» **Your objective**
The records below are to be restated word for word, with their images omitted.

Given records section start

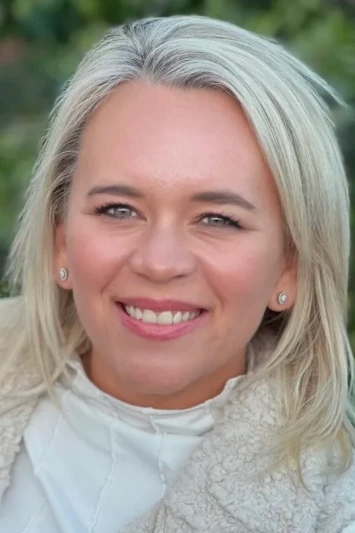 LISA KRIEGEL portrait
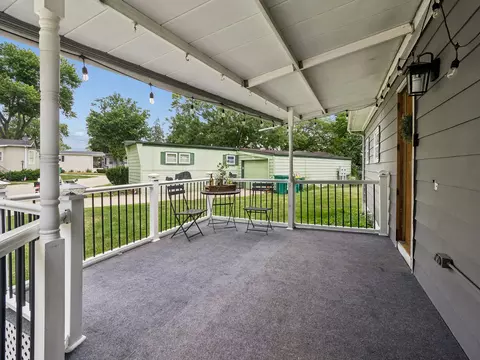 209 Melbrooke Rd, Elgin, IL 60123 photo 3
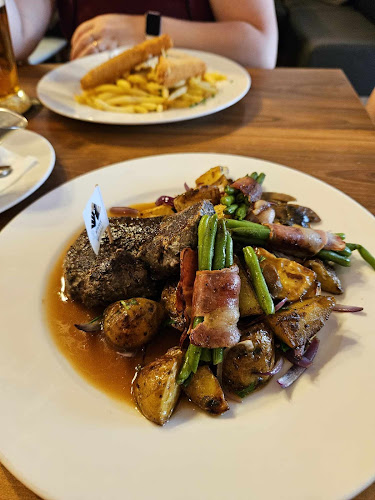 61, Velké nám. 112, 767 01 Kroměříž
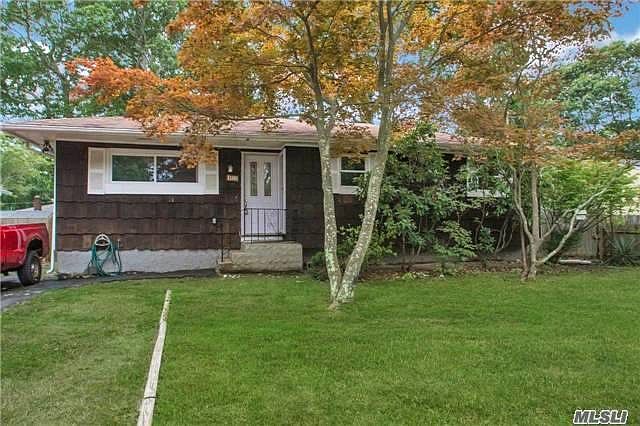 1st image of 132 Moriches Ave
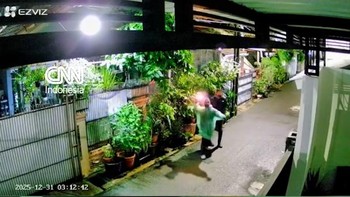 Detik-detik Rumah DJ Donny Dilempar Bom Molotov Orang Tak Dikenal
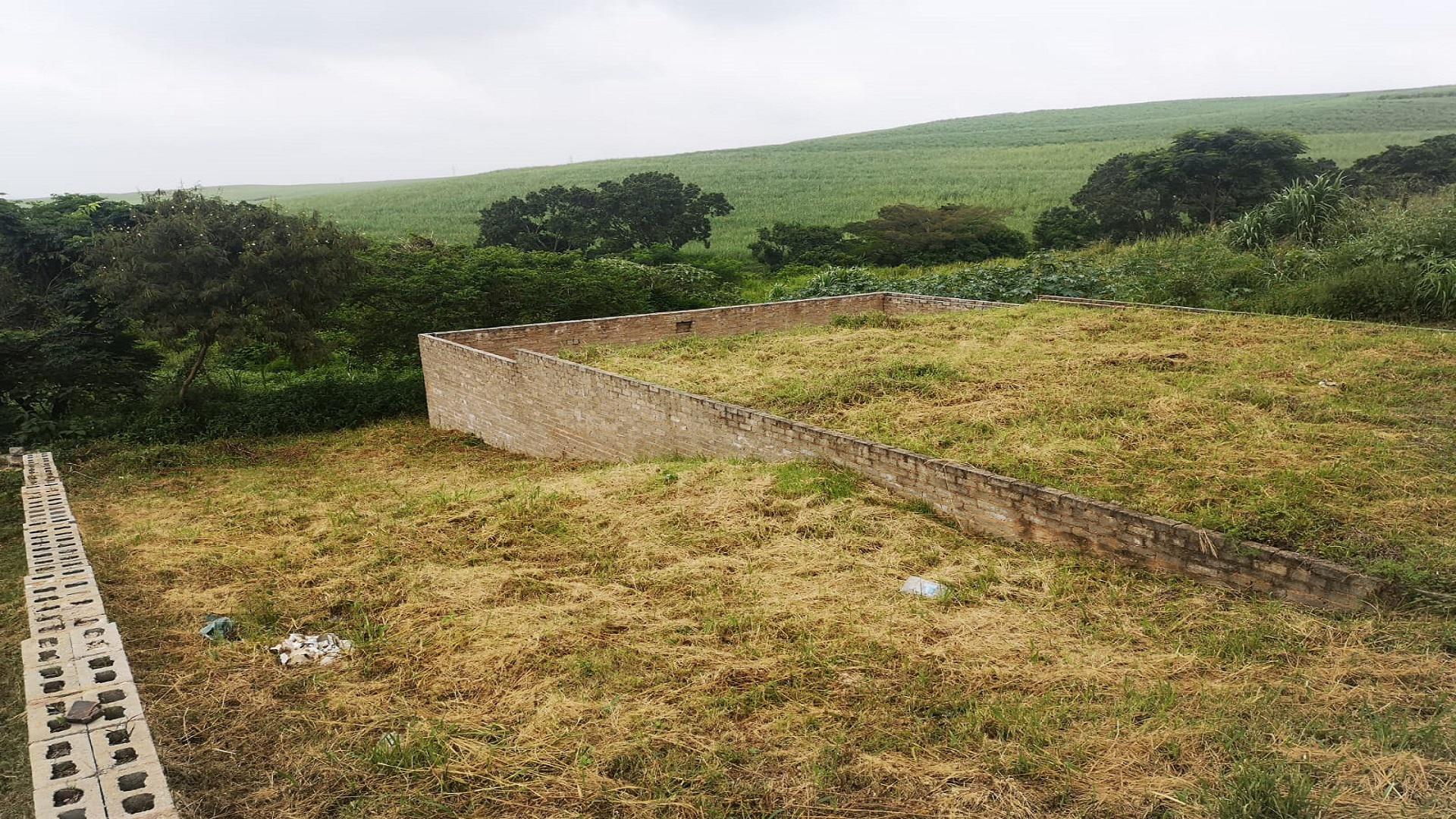 Spaces - 14 square meters of property in Tongaat
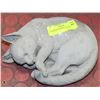 Image 1 : CONCRETE SLEEPING CAT 9" LONG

Given records section end

» **Answer to this task**
 LISA KRIEGEL portrait
 209 Melbrooke Rd, Elgin, IL 60123 photo 3
 61, Velké nám. 112, 767 01 Kroměříž
 1st image of 132 Moriches Ave
 Detik-detik Rumah DJ Donny Dilempar Bom Molotov Orang Tak Dikenal
 Spaces - 14 square meters of property in Tongaat
 Image 1 : CONCRETE SLEEPING CAT 9" LONG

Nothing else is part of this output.